Required action: Using the records below, count the lines with "video" in them. Give the number only.
--- START ---
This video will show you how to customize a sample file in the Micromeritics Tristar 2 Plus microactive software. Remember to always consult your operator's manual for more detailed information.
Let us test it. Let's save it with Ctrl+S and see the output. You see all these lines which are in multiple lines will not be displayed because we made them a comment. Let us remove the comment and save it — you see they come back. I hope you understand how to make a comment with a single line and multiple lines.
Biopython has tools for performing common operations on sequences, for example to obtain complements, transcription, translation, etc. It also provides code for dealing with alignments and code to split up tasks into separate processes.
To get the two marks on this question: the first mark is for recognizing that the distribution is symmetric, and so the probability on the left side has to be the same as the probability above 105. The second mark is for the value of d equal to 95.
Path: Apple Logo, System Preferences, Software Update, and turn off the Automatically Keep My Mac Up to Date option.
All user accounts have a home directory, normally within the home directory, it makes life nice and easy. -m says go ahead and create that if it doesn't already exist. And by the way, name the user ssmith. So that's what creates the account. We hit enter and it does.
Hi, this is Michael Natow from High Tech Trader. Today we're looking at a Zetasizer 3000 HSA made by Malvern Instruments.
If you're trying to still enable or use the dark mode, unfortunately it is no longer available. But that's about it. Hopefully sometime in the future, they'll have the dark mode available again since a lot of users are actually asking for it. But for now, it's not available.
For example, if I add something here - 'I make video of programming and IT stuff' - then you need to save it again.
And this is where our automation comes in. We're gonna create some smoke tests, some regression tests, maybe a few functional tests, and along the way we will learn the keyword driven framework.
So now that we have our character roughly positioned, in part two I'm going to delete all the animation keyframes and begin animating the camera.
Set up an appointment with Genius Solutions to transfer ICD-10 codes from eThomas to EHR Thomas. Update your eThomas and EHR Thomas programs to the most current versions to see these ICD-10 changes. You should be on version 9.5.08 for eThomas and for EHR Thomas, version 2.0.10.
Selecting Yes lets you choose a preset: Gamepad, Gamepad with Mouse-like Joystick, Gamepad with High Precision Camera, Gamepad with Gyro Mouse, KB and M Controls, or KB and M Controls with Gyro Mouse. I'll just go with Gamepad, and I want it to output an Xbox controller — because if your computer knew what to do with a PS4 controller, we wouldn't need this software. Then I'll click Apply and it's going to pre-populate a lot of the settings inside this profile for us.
--- END ---
Result for this exercise: 2